▶ [Data supplied]:
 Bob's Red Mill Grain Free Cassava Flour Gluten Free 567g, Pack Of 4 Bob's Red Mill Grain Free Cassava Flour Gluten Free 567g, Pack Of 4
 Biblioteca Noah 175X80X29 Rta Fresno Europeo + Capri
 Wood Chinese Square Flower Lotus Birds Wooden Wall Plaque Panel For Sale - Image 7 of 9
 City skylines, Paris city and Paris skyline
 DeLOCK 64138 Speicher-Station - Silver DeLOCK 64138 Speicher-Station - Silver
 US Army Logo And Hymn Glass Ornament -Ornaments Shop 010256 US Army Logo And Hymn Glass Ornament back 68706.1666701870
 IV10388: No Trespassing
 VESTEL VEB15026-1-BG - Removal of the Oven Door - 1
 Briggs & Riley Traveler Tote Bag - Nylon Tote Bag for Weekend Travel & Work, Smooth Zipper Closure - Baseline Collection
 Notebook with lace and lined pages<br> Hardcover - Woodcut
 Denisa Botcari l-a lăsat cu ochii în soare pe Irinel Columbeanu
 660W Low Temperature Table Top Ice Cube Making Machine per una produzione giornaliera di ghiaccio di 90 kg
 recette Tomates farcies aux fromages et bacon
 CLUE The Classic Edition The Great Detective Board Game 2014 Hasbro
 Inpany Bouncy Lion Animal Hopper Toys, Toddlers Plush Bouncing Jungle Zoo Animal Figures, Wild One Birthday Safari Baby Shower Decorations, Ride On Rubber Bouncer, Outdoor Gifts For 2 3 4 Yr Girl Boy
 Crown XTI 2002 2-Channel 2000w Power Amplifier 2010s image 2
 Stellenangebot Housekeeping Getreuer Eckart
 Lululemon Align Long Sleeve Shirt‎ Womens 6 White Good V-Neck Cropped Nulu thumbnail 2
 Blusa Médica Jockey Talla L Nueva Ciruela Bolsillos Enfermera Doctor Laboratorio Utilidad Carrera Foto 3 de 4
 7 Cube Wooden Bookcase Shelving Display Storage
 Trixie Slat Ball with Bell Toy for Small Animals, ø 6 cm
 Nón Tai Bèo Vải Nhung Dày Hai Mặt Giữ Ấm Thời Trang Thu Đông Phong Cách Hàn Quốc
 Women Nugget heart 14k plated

▶ [Exercise aim]: Transcribe each entry. Leave nothing out.

▶ [Task answer]:
 Bob's Red Mill Grain Free Cassava Flour Gluten Free 567g, Pack Of 4 Bob's Red Mill Grain Free Cassava Flour Gluten Free 567g, Pack Of 4
 Biblioteca Noah 175X80X29 Rta Fresno Europeo + Capri
 Wood Chinese Square Flower Lotus Birds Wooden Wall Plaque Panel For Sale - Image 7 of 9
 City skylines, Paris city and Paris skyline
 DeLOCK 64138 Speicher-Station - Silver DeLOCK 64138 Speicher-Station - Silver
 US Army Logo And Hymn Glass Ornament -Ornaments Shop 010256 US Army Logo And Hymn Glass Ornament back 68706.1666701870
 IV10388: No Trespassing
 VESTEL VEB15026-1-BG - Removal of the Oven Door - 1
 Briggs & Riley Traveler Tote Bag - Nylon Tote Bag for Weekend Travel & Work, Smooth Zipper Closure - Baseline Collection
 Notebook with lace and lined pages<br> Hardcover - Woodcut
 Denisa Botcari l-a lăsat cu ochii în soare pe Irinel Columbeanu
 660W Low Temperature Table Top Ice Cube Making Machine per una produzione giornaliera di ghiaccio di 90 kg
 recette Tomates farcies aux fromages et bacon
 CLUE The Classic Edition The Great Detective Board Game 2014 Hasbro
 Inpany Bouncy Lion Animal Hopper Toys, Toddlers Plush Bouncing Jungle Zoo Animal Figures, Wild One Birthday Safari Baby Shower Decorations, Ride On Rubber Bouncer, Outdoor Gifts For 2 3 4 Yr Girl Boy
 Crown XTI 2002 2-Channel 2000w Power Amplifier 2010s image 2
 Stellenangebot Housekeeping Getreuer Eckart
 Lululemon Align Long Sleeve Shirt‎ Womens 6 White Good V-Neck Cropped Nulu thumbnail 2
 Blusa Médica Jockey Talla L Nueva Ciruela Bolsillos Enfermera Doctor Laboratorio Utilidad Carrera Foto 3 de 4
 7 Cube Wooden Bookcase Shelving Display Storage
 Trixie Slat Ball with Bell Toy for Small Animals, ø 6 cm
 Nón Tai Bèo Vải Nhung Dày Hai Mặt Giữ Ấm Thời Trang Thu Đông Phong Cách Hàn Quốc
 Women Nugget heart 14k plated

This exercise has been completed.